Dockerty, Kelly ORCID: https://orcid.org/0000-0002-1852-5716 (2023) The complexity of three primary teachers’ professional lives in England: Examining how identities form and morph through early motivations and the highs and lows of teaching. EdD thesis, University of Sheffield.
Abstract
Ten per cent of the teaching workforce leave the profession annually and retention is affected by accountability pressures. Early Career Teachers (ECTs) need support to overcome professional challenges. Intrinsic factors that keep teachers motivated during challenges include altruistic reasons such as working with children, contributing to communities, and cognitive fulfilment. Extrinsic factors include motivators such as pay and conditions, job security and career status, which are important to teachers.

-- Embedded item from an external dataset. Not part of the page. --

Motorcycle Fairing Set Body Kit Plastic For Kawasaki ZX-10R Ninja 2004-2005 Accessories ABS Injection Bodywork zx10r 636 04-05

My research listened to the perceptions and experiences of three primary classroom teachers in England, working in different primary schools during their early careers. I aimed to understand what motivated the ECTs to go into teaching, to appreciate their experiences, and to examine what challenges they encountered in their school context, and what had supported them in overcoming professional challenges.
The methodological framework used interviewing, a Life-History (Goodson and Sikes, 2001) and a semi-structured approach, to gather ECTs' first-hand narratives. The narratives enabled me to appreciate ECTs' experiences and understand how their identities changed over time. Cultural Historical Activity Theory (CHAT) (Engeström, 1987) structured the analysis of the narratives and revealed complex social, political, historical and cultural lives rooted in their sense of self and personal value. Sense of self was impacted by multiple aspects including organisational factors.
The findings show that teachers’ lives are complex; tensions play out differently for individuals in different primary school contexts. Despite the challenges, teachers hold onto their early professional aspirations. The relationships with more knowledgeable others, the mentors, were crucial to support the teacher’s different needs and helped in navigating the formal and informal rules of school life. Tensions occurred because of fractious relationships with a range of education stakeholders. During the interviews, the ECTs described hierarchies of power and recognised a gap between their aspirations and expectations of others amidst social, cultural, historical, political, personal, and organisational aspects.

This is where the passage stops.